Pictures in the listing below are skipped, while the lines from the "a bathroom with a toilet a sink and mirror" line through the "Bride in white" line are returned word for word.

▶ **Records supplied**

%%

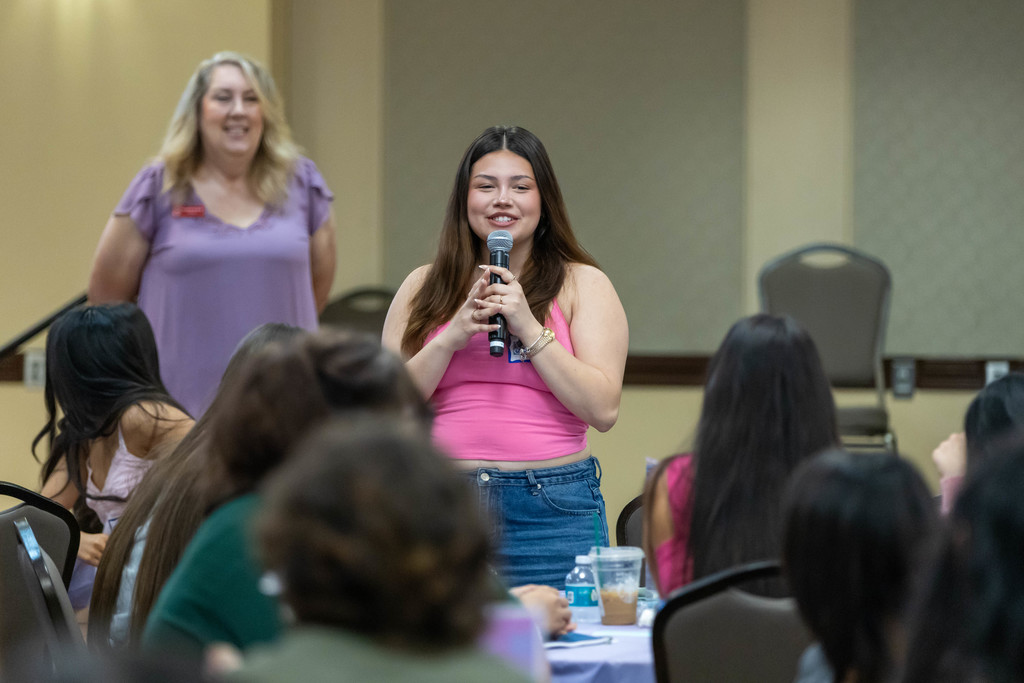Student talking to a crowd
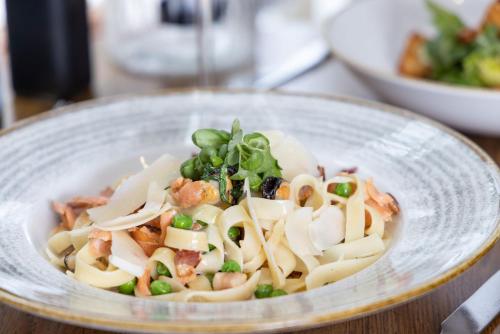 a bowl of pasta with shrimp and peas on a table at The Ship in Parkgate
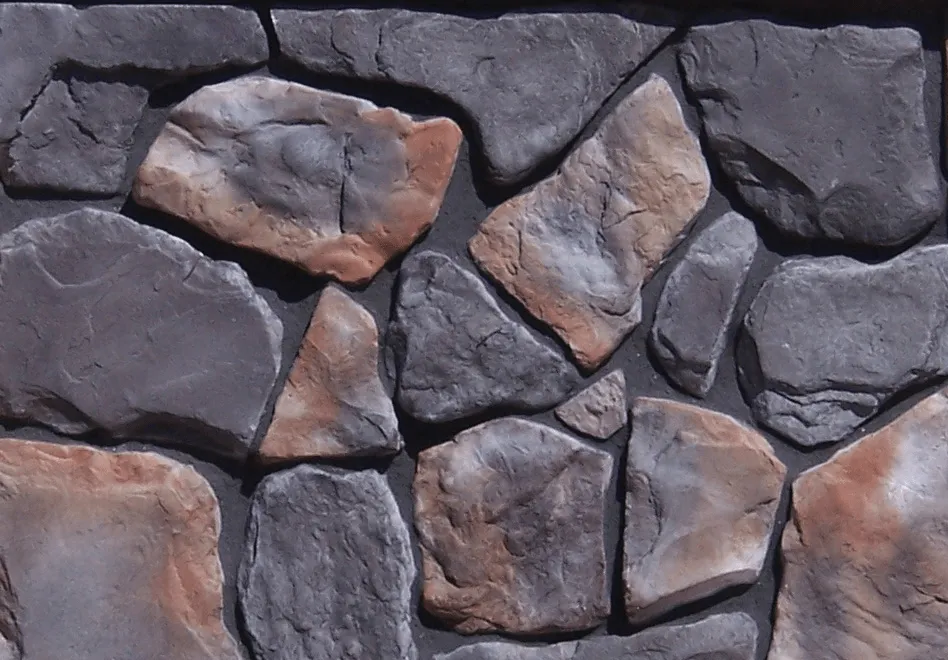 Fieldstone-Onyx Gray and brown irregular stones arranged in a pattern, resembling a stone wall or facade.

%%
%%

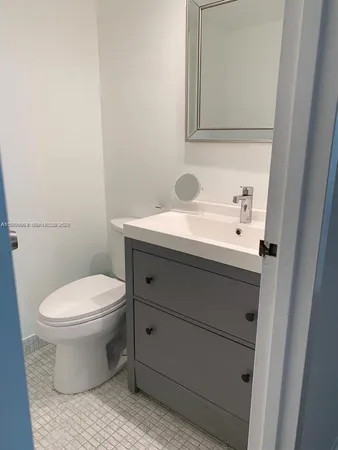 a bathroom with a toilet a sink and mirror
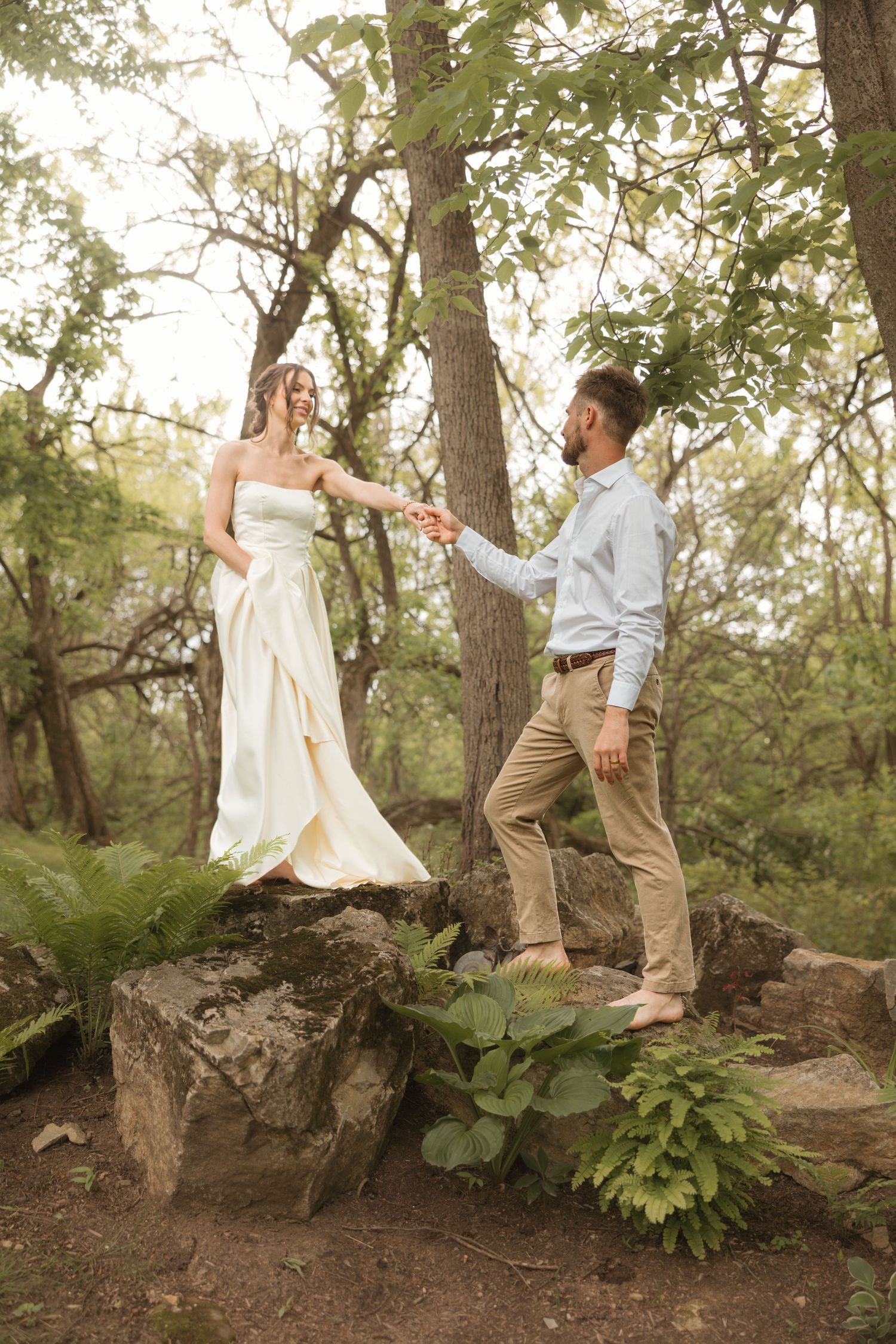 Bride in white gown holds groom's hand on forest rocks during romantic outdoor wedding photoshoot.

%%

▶ **Solution to the exercise**
 a bathroom with a toilet a sink and mirror
 Bride in white gown holds groom's hand on forest rocks during romantic outdoor wedding photoshoot.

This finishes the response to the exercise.